[Dataset excerpts]
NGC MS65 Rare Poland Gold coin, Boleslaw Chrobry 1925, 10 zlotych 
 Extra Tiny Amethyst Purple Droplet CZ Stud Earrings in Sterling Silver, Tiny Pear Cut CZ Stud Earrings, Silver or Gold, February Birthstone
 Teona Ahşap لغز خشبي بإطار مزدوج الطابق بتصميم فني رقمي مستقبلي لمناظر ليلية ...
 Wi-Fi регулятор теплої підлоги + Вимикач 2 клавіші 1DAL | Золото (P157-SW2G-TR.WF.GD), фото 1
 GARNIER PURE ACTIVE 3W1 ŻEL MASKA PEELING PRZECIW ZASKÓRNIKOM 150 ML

__Required action__: Reproduce each line above without any alteration.

__Task answer__:
NGC MS65 Rare Poland Gold coin, Boleslaw Chrobry 1925, 10 zlotych 
 Extra Tiny Amethyst Purple Droplet CZ Stud Earrings in Sterling Silver, Tiny Pear Cut CZ Stud Earrings, Silver or Gold, February Birthstone
 Teona Ahşap لغز خشبي بإطار مزدوج الطابق بتصميم فني رقمي مستقبلي لمناظر ليلية ...
 Wi-Fi регулятор теплої підлоги + Вимикач 2 клавіші 1DAL | Золото (P157-SW2G-TR.WF.GD), фото 1
 GARNIER PURE ACTIVE 3W1 ŻEL MASKA PEELING PRZECIW ZASKÓRNIKOM 150 ML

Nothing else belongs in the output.